» **The problem**
Return the lines of the listing below exactly as they appear, beginning at the one with "Ghost Camp Mug" and stopping after the one with "Детская футболка 3D"; do not include pictures.
++++ Data provided
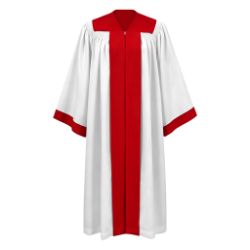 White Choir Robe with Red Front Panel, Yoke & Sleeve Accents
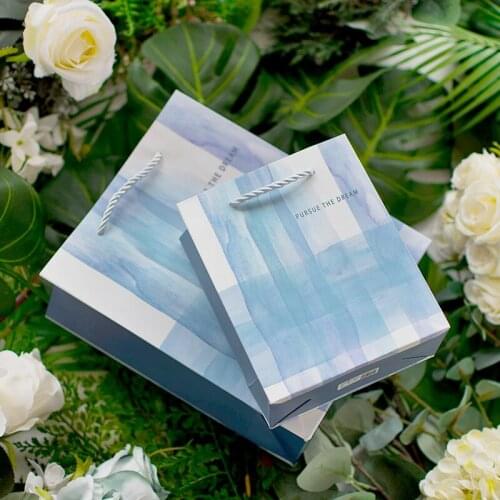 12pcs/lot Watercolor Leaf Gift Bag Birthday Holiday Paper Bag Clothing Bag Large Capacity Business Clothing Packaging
++++++++
++++ Data provided
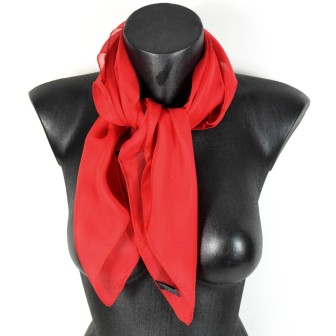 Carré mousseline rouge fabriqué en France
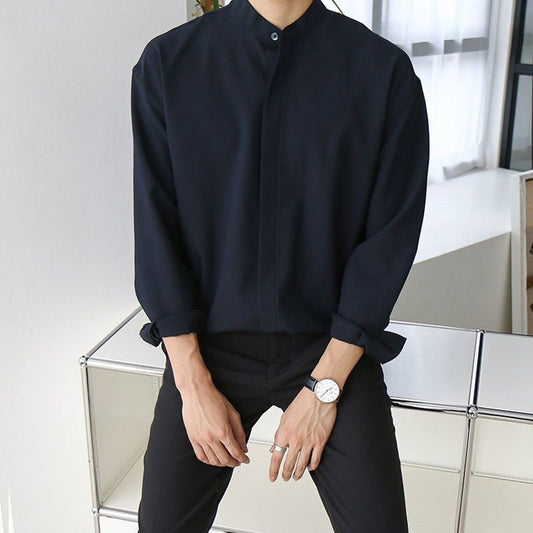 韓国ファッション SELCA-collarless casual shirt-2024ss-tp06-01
++++++++
++++ Data provided
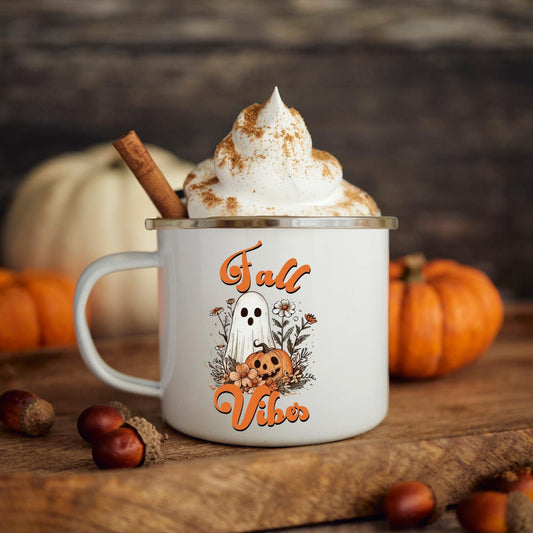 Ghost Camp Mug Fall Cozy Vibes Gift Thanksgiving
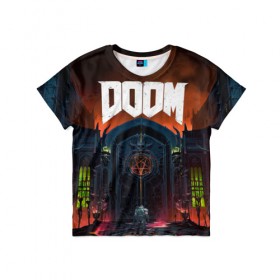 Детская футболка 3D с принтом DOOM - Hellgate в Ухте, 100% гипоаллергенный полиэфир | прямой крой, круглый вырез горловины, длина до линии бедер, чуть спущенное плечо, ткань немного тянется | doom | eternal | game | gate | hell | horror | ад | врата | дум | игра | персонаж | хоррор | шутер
++++++++
» **Output for this exercise**
 Ghost Camp Mug Fall Cozy Vibes Gift Thanksgiving
 Детская футболка 3D с принтом DOOM - Hellgate в Ухте, 100% гипоаллергенный полиэфир | прямой крой, круглый вырез горловины, длина до линии бедер, чуть спущенное плечо, ткань немного тянется | doom | eternal | game | gate | hell | horror | ад | врата | дум | игра | персонаж | хоррор | шутер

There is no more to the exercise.